Ad essere sinceri ni.
Gli esercizi fondamentali non possono che prevederli, perché, purtroppo, i muscoli più piccoli hanno la brutta abitudine a rimanere tali (vedi i polpacci). Tuttavia possiamo eseguire un esercizio complementare che ha come vantaggio una maggior sollecitazione del capo lungo del bicipite (il famoso “picco” ovvero visivamente la parte più “alta” del muscolo).
Esecuzione
La tecnica vista da fuori può sembrare apparentemente facile, ma non è proprio così. La preparazione iniziale è fondamentale in tutti gli esercizi ed in questo in particolar modo e soprattutto nel corretto posizionamento degli arti.
Selezioniamo 5 “disonorevoli” kg dal cavo basso e perdiamo qualche secondo – con l’ottima scusante di doversi scaldare se un nostro compagno di allenamento ci guarda storto o ci espone al pubblico ludibrio – per impostare correttamente la posizione iniziale dell’esercizio.

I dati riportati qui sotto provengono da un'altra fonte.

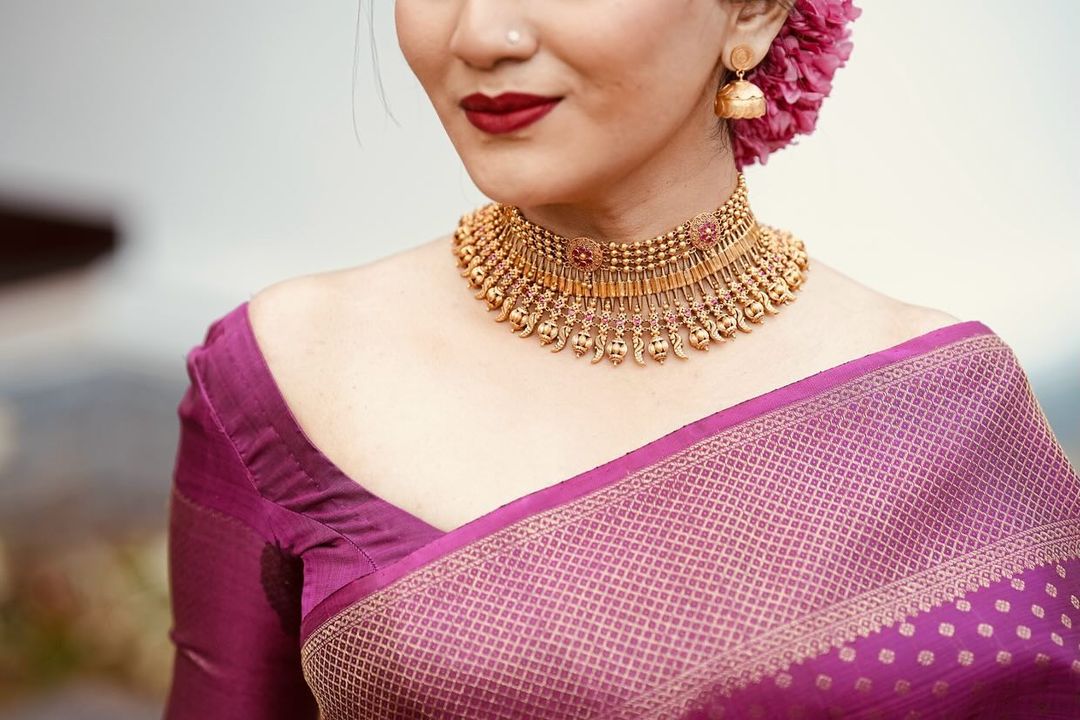 BANARASI HEAVY SILK SAREE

Quindi – omen nomen – ci sistemiamo di spalle al cavo e facciamo un passettino in avanti con la gamba opposta al braccio che alleniamo. Guardandoci i piedi dall’alto, visivamente ci dovrà essere una distanza di circa un piede fra quello indietro e quello che ha compiuto il mezzo passo. Ci ritroveremo quindi in una posizione stabile ma scomoda, con la schiena dritta e le anche parallele fra loro, ma – soprattutto – ci dovremo ritrovare così terminata anche l’ultima ripetizione.

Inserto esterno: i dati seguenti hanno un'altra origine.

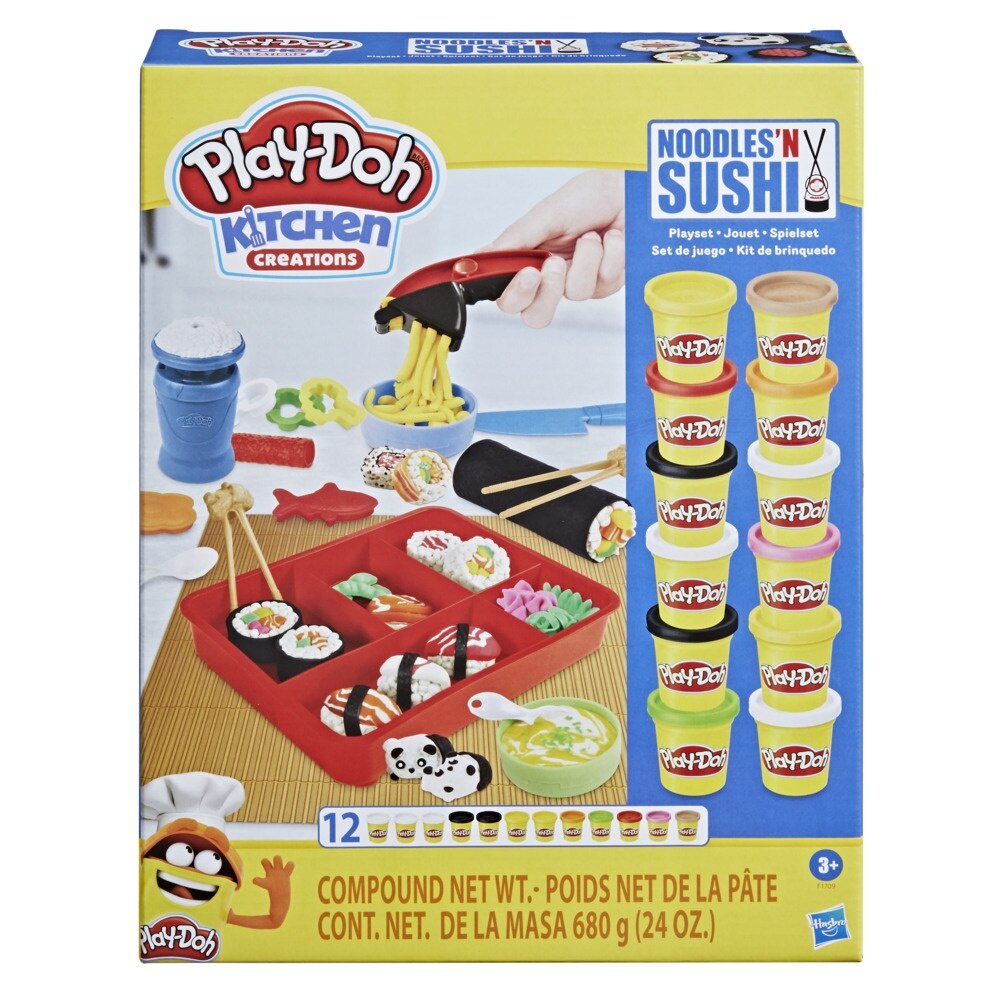 Kitchen Creations Noodles 'n Sushi Playset 1s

Un consiglio: cercate un punto di riferimento davanti a voi da fissare per tutta la serie per evitare lo spostamento inconscio e graduale verso il lato dove il carico grava, soprattutto quando i pesi non saranno più i 5 denigratori chiletti.
Il braccio a riposo consiglio di appoggiarlo poco sopra il bacino o comunque nella posizione che preferite a patto che vi dia equilibrio e stabilità, mentre l’altro va arretrato di una trentina di gradi circa che equivalgono spannometricamente a una quindicina di cm oltre il nostro fianco.
Congeliamoci letteralmente in questa posizione. Ora possiamo pensare al nostro bicipite. Flettiamo il gomito in direzione avanti/alto in maniera esplosiva fino a “strizzare” completamente il muscolo, cercando di evitare di “giocare” con la staffa e farla “tremare” come un malato terminale di Parkinson ma impugnandola con una presa salda e decisa. Ritorniamo alla posizione di partenza lentamente, controllando il carico con il muscolo e la presa con l’avambraccio.
A differenza dei manubri e dei bilancieri dove quando il braccio si ritrova quasi completamente disteso si lavora esclusivamente sulla presa, dato che la gravità ci alleggerisce il peso, questo esercizio offre anche il grande vantaggio dovuto all’effetto perennemente “tirante” del cavo che continua a sollecitare il bicipite ed a tenerlo in tensione costante per tutta la durata del movimento.